久多良木氏:プラットフォームを一新したときは,一般にハードウエアの成長路線に対してソフトウエアが成熟していないことはよくある。ただ今回は,過去に異例なほど,ソフトウエア技術がキャッチアップしている。僕はゲーム業界に20年近くいるけれど,新たなプラットフォームの発売半年前に,ここまでプレイアブル(操作可能)なソフトウエアがそろっていたことはない。

 1994年12月に最初の「プレイステーション」を発売したときは,1カ月前でも,リッジレーサーのクルマが(背景なしで)空を飛んでいたような状況だった。ハードウエアがあってもソフトウエアがない状況は,翌年の春まで続いた。「プレイステーション 2」のときも,ソフトウエアが豊富になるのには時間がかかった。

 ところが今回は,デモとはいえ,実際にプレイアブルなタイトルがすでに10数本もある。そのどれもが発売までにもっと,もっと進化を遂げる。世の中は明らかに,ソフトウエアの開発状況をアンダーエスティメートして(少なめに見積もって)いた。今回,これほどたくさんのソフトウエアが動いているのを見て,「まさか」と驚いた人たちがたくさんいるでしょう。

■ エクスキューズはいらない

---これで「重厚長大主義」と揶揄する人の声をかき消すことができますか。

久多良木氏:いくらハードウエアを見せたところで,その重さを量ることに意味があるわけではなく,そういう批判に対抗するには,ソフトウエアの面白さで示すしかないと思っている。実際,今回,PS3用に披露されたタイトルも,ごく短時間に作られたものがたくさんあるわけで,ハードウエアの性能が高いことと,ソフトウエアの開発費が高騰することは,必ずしも相関関係がない。

 みんなは「重厚長大主義」という言葉によって,新技術に挑戦しないエクスキューズ(言い訳)にしてはいないだろうか。私には,新しいハードウエアの性能をフルに生かせるかどうか,挑戦を避けている人の発言としか受け取れない。ところが今回,各社のソフトウエアがずらりと横に並ぶ。今までは開発者同士も,ライバルがどんなタイトルをどこまでの完成度で開発しているかをまったく知らなかったが,今回各社の開発状況を互いに知るところとなった。だから,「まさか」と驚いた人は,ユーザー側ではなく,開発者側にもたくさんいたことでしょう。何となく不安に思っていた開発者のエクスキューズを,これで取り除けるのではないかと期待している。

---コンピュータの歴史を振り返れば,ハードウエアが豊かになることによって,ソフトウエアも作りやすくなる。そして市場が大きくなり,さらにハードウエアが進化するということを繰り返してきたわけですが。
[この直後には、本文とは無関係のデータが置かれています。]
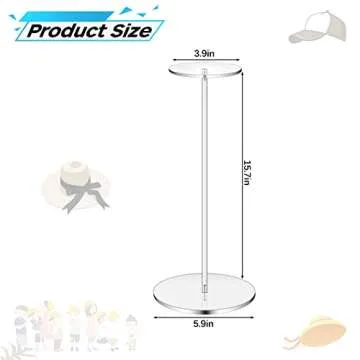 Elegant TRIRITE Acrylic Hat Stands for Stylish Display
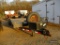 2013 PJ Equipment Trailer, 24', tandem axle, single tire, dovetail, folding ramps
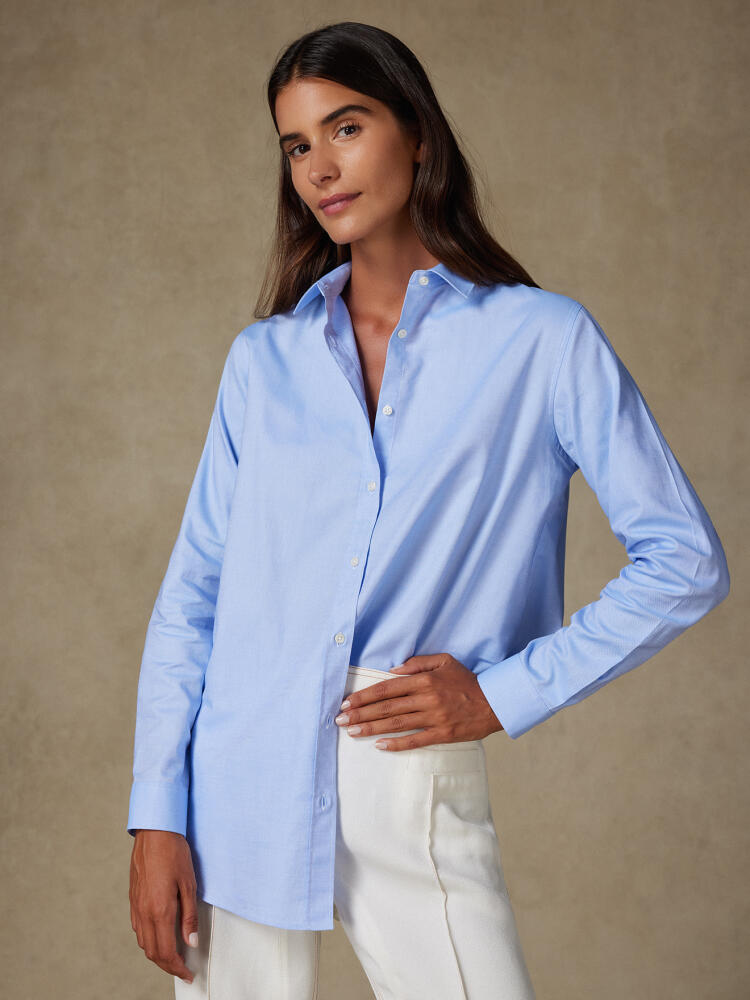 Justine oversize sky oxford shirt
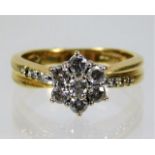 An 18ct ring set with approx. 0.5ct diamond 4.5g s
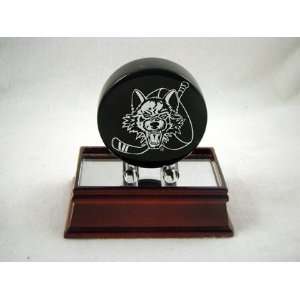  Chicago Wolves Logo Solid Marble Puck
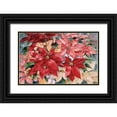 thumbnail image 1 of McKenna, Kathleen Parr 18x13 Black Ornate Wood Framed with Double Matting Museum Art Print Titled - Poinsettia, 1 of 4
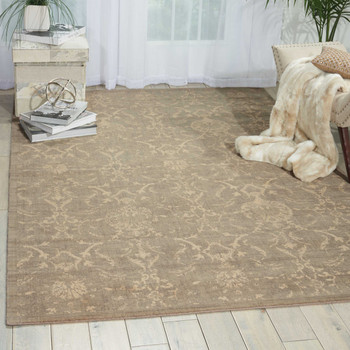 Nourison Silk Elements Ske03 Moss Area Rugs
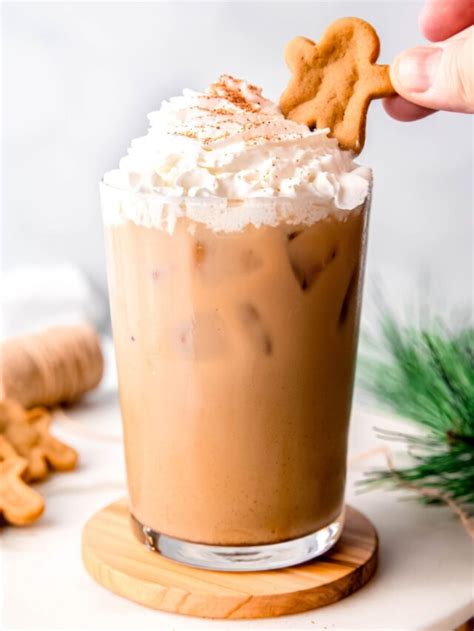 Gingerbread Oat Milk Chai Latte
久多良木氏:パソコンなんて重厚長大の最たるものの一つでしょ。でも,ソフトウエア産業が小さくなっているかといえば,そんなことはない。何万人かかっても出荷が遅れるソフトウエアがあるのも事実だが,少人数でも新たなソフトウエアを開発する事例もたくさんある。産業としては大きくなっている。PS3もコンピュータそのものなので,同じことが当てはまるはずだ。